Push moistened dough to side of bowl. Repeat, using 1 tablespoon
water at a time, until all the dough is moistened. Divide in
half. Form each half into a ball.
- On lightly floured surface,
flatten 1 dough ball. Roll from center to edges into 12-inch
circle.
- To transfer pastry, wrap
it around the rolling pin; unroll into a 9-inch pie plate. Ease
pastry into pie plate, being careful not to stretch pastry. Transfer
filling to pastry-lined pie plate. Trim pastry even with rim
of pie plate.
- Roll remaining dough into
a circle about 12 inches in diameter. Cut slits to allow steam
to escape. Place remaining pastry on filling; trim 1/2 inch beyond
edge of plate. Fold top pastry under bottom pastry. Crimp edge
as desired. Bake as directed in individual recipes.
Makes 8 servings.
Food processor directions: Prepare as above, except place
steel blade in processor bowl. Add flour, shortening, and salt.

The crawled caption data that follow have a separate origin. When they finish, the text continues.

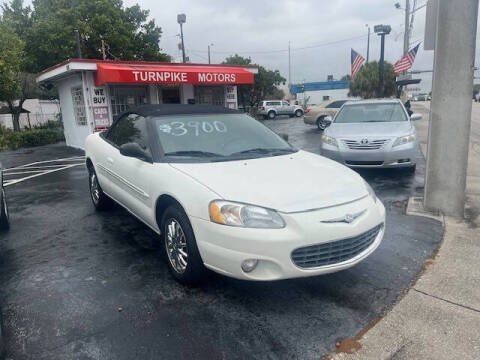 2001 Chrysler Sebring Limited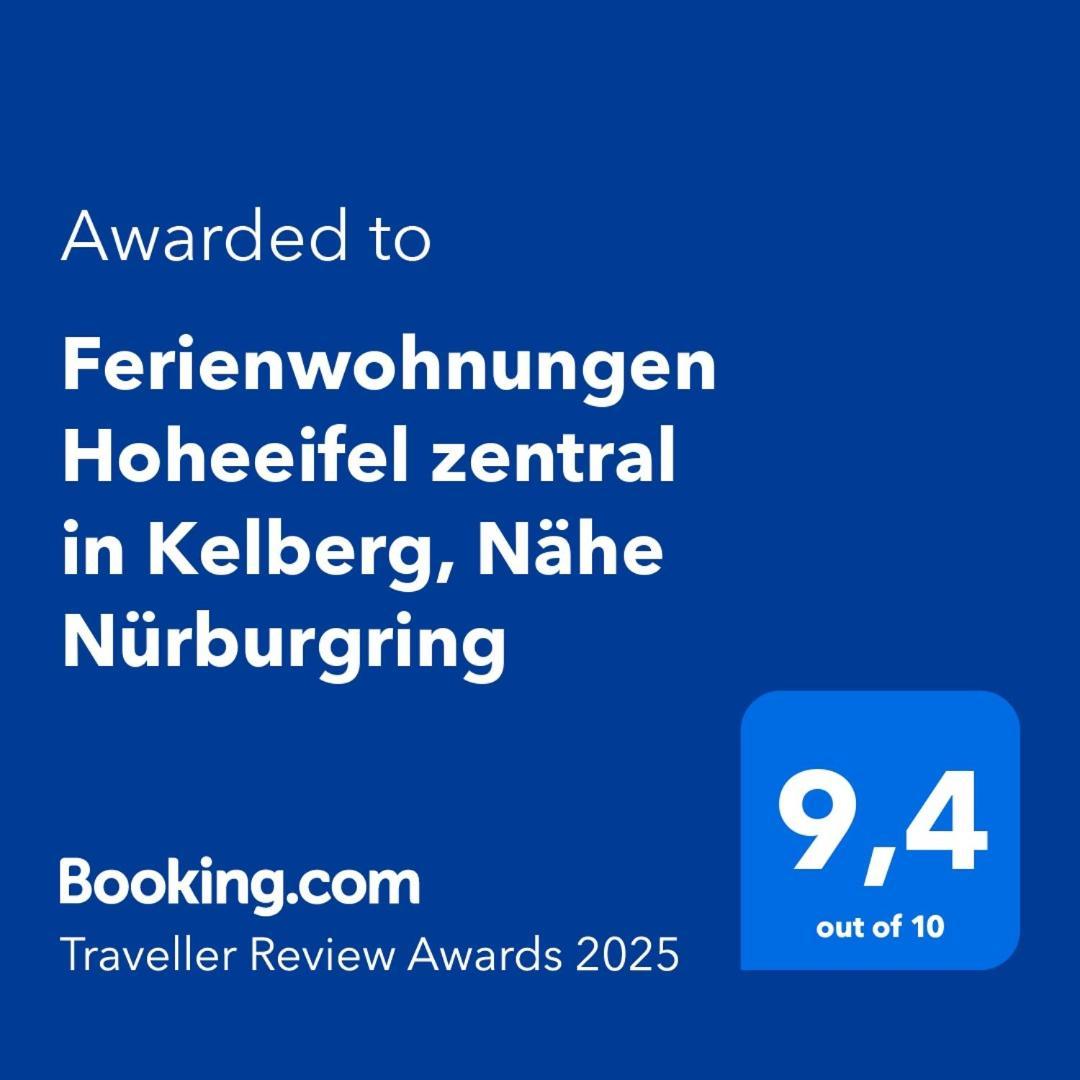 Fewo Hoheeifel, 1 Haus Mit 2 Apartments 5 Schlafzimmer In Kelberg Naehe Nuerburgring Eksteriør bilde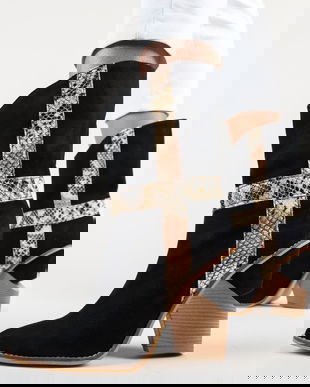 Cizme Fendis Negre 2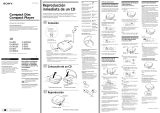 Sony D-E401SR Manual de usuario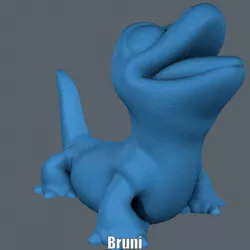 Bruni (Easy print no support)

Cover; process with on/off turns until most of mixture resembles
cornmeal, but with a few larger pieces. With processor running,
quickly add 1/4 cup water through feed tube. Stop processor when
all water is added; scrape down sides. Process with 2 on/off
turns (mixture may not all be moistened). Remove dough from bowl;
shape into a ball. Divide in half. Continue as above.
Pastry for Lattice-Top
Pie: Prepare as
above, except trim bottom pastry to 1/2 inch beyond edge of pie
plate. Roll out remaining pastry and cut into 1/2-inch-wide strips.
Fill pastry-lined pie plate with desired filling. Weave strips
over filling for lattice crust. Press ends of strips into crust
rim. Fold bottom pastry over strips; seal and crimp edge. For
a quick lattice, roll out top pastry. Use a mini-cookie or canape
cutter to make cutouts an equal distance apart from pastry center
to edge. Place pastry on filling and seal. Bake as directed.
Make-Ahead Tip: Prepare dough. Wrap in plastic
wrap or place in plastic bag; seal. Refrigerate up to 24 hours.
Allow to come to room temperature before rolling out for pie.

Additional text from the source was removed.